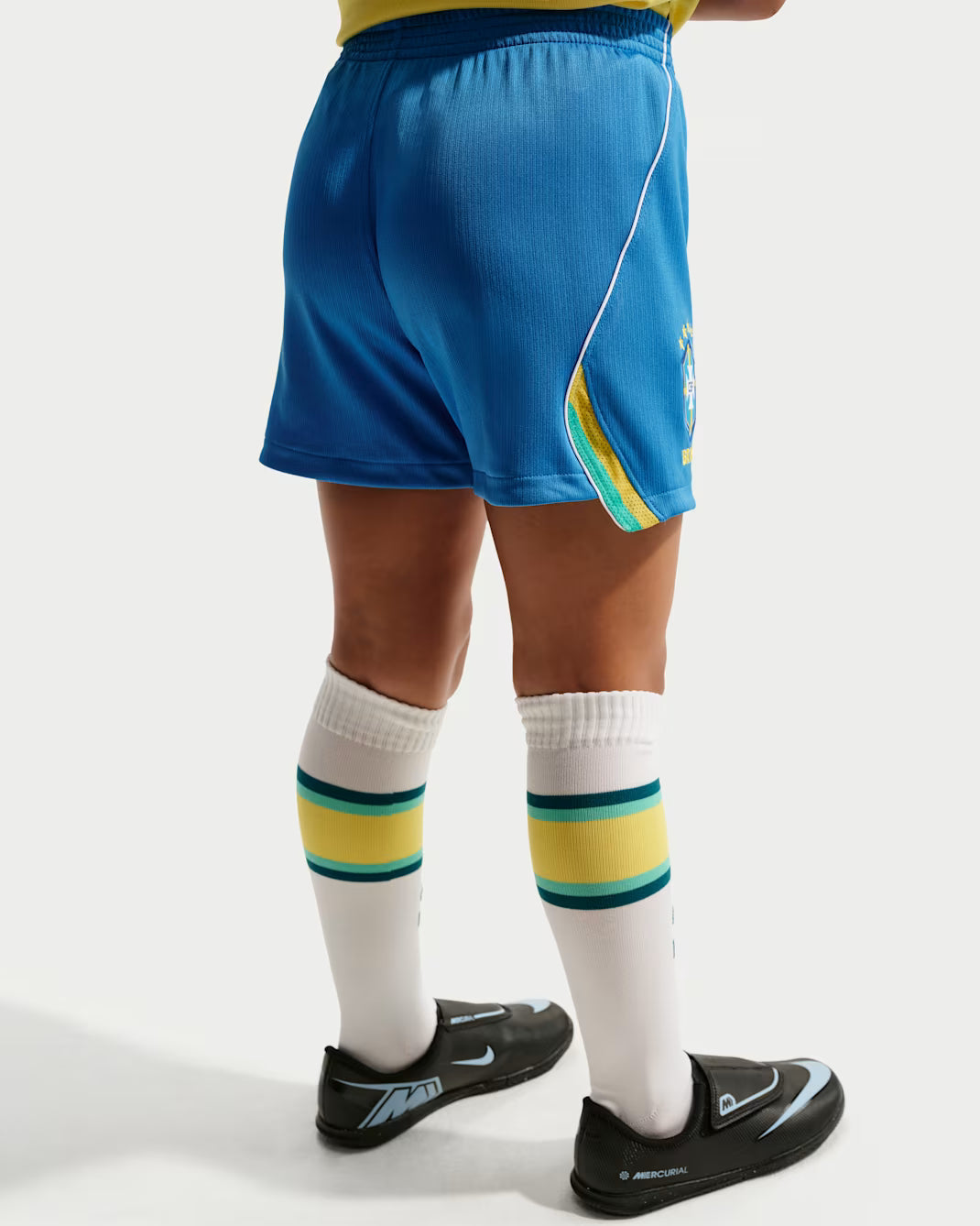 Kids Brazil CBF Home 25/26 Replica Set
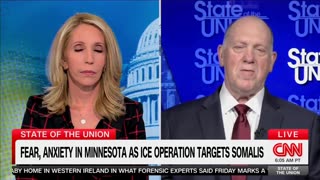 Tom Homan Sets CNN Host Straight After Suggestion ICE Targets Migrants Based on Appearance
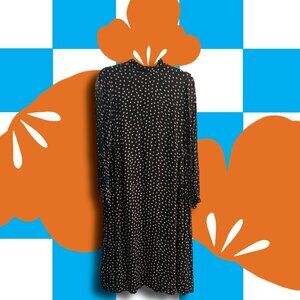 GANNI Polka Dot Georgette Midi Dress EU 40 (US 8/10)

§ §

With the pictures left out, give again exactly the lines from the one with "Tom Homan Sets" through the end of the data, both included.

_Exercise result:_
 Tom Homan Sets CNN Host Straight After Suggestion ICE Targets Migrants Based on Appearance
 GANNI Polka Dot Georgette Midi Dress EU 40 (US 8/10)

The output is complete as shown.